In the last part of this lesson, we discussed how to write down a generative model for variate-covariate models. To obtain estimates for the parameters of the model, we can perform a maximum likelihood estimation, precisely as we have done for other models; we minimize the log likelihood function. The optimization is typically done using numerical optimization, as we have already seen in the Numerical maximum likelihood estimation lesson.

For some special cases of variate-covariate models, we can work out analytical results that can greatly ease the optimization problem. Fortunately, these special case arise quite frequently.

In what follows, we will use a general expression for the theoretical model.
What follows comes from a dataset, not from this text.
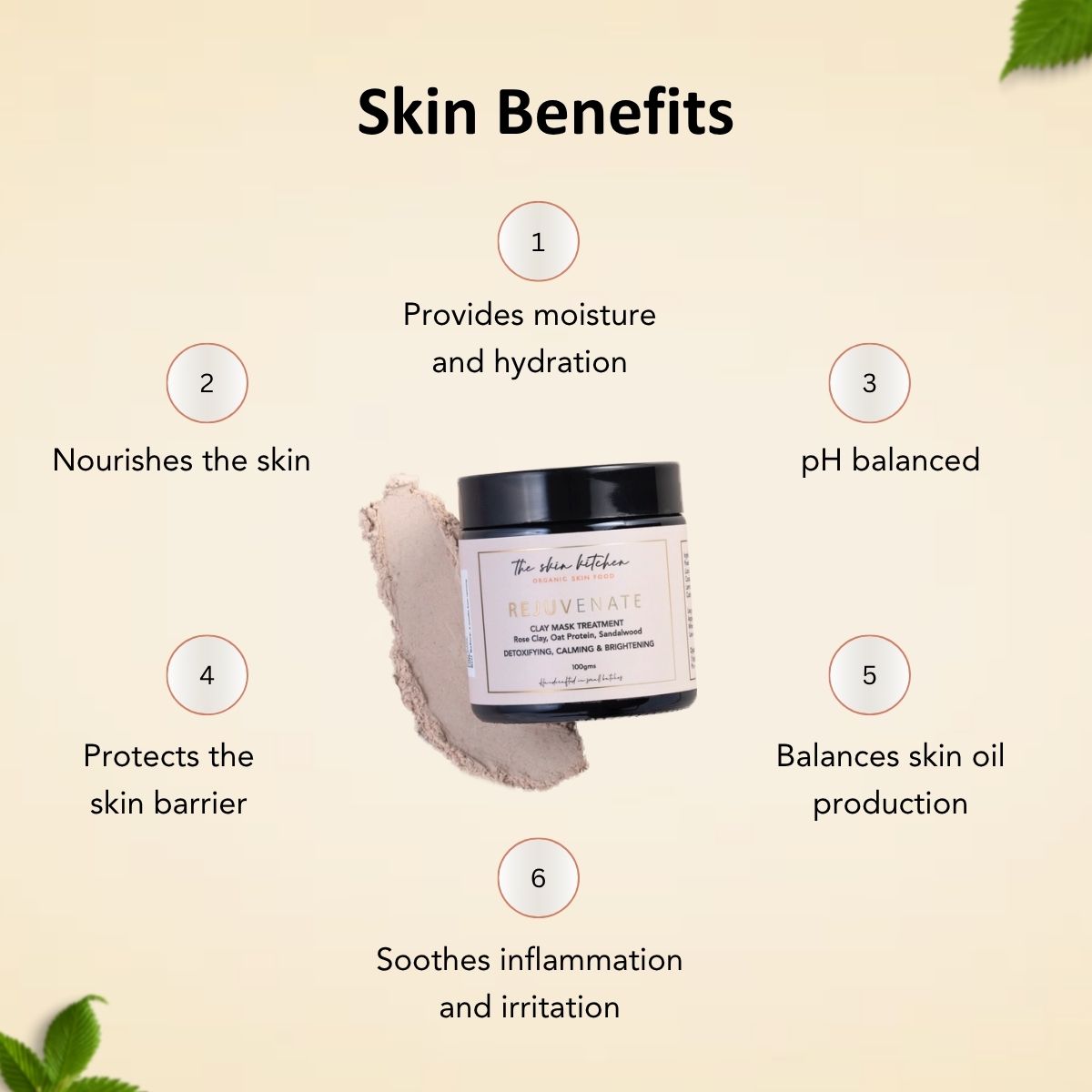 REJUVENATE Mask - Intensive Pore Detoxifying Clay Treatment for a Brighter Complexion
Let \(y(x;\theta)\) be the theoretical curve with parameters \(\theta = (\theta_1, \theta_2, \ldots)\), and let \((x_i,y_i)\) be a variate-covariate pair of measurements. We assume was have \(n\) of them. We will also everywhere assume the data points are i.i.d.

To connect this more general notation to the problem of mitotic spindle size we have been working with, \((x_i, y_i) = (d_i, l_i)\), \(\theta = (\gamma, \phi)\), and

\[\begin{align} y(x;\theta) = l(d;\gamma, \phi) = \frac{\gamma d}{\left(1+(\gamma d/\phi)^3\right)^{\frac{1}{3}}}. \end{align}\]

Normally distributed residuals

The results we derive here apply to the case where we have Normally (possibly heteroscedastic) distributed residuals. In the most general case, our model is

\[\begin{align} y_i \sim \text{Norm}(y(x_i;\theta), \sigma_i). \end{align}\]

Actually, this is not the most general case, since in general \(x_i\) may be multi-dimensional, but we are considering scalar \(x_i\) for simplicity. We can write the likelihood as

\[\begin{align} L(\theta, \{\sigma_i\}; \{x_i\}, \{y_i\}) = \prod_i \frac{1}{\sqrt{2\pi\sigma_i^2}}\,\exp\left[-\frac{(y_i - y(x_i;\theta))^2}{2\sigma_i^2}\right], \end{align}\]

where \(\{\sigma_i\}\), \(\{x_i\}\), and \(\{y_i\}\) represent the sets of :math:sigma, \(x\) and \(y\): values, respectively. The log-likelihood is then

\[\begin{align} \ell(\theta, \{\sigma_i\}; \{x_i\}, \{y_i\}) = -\frac{n}{2}\,\ln 2\pi - \sum_i \ln \sigma_i - \frac{1}{2}\sum_i \left(\frac{y_i - y(x_i;\theta)}{\sigma_i}\right)^2. \end{align}\]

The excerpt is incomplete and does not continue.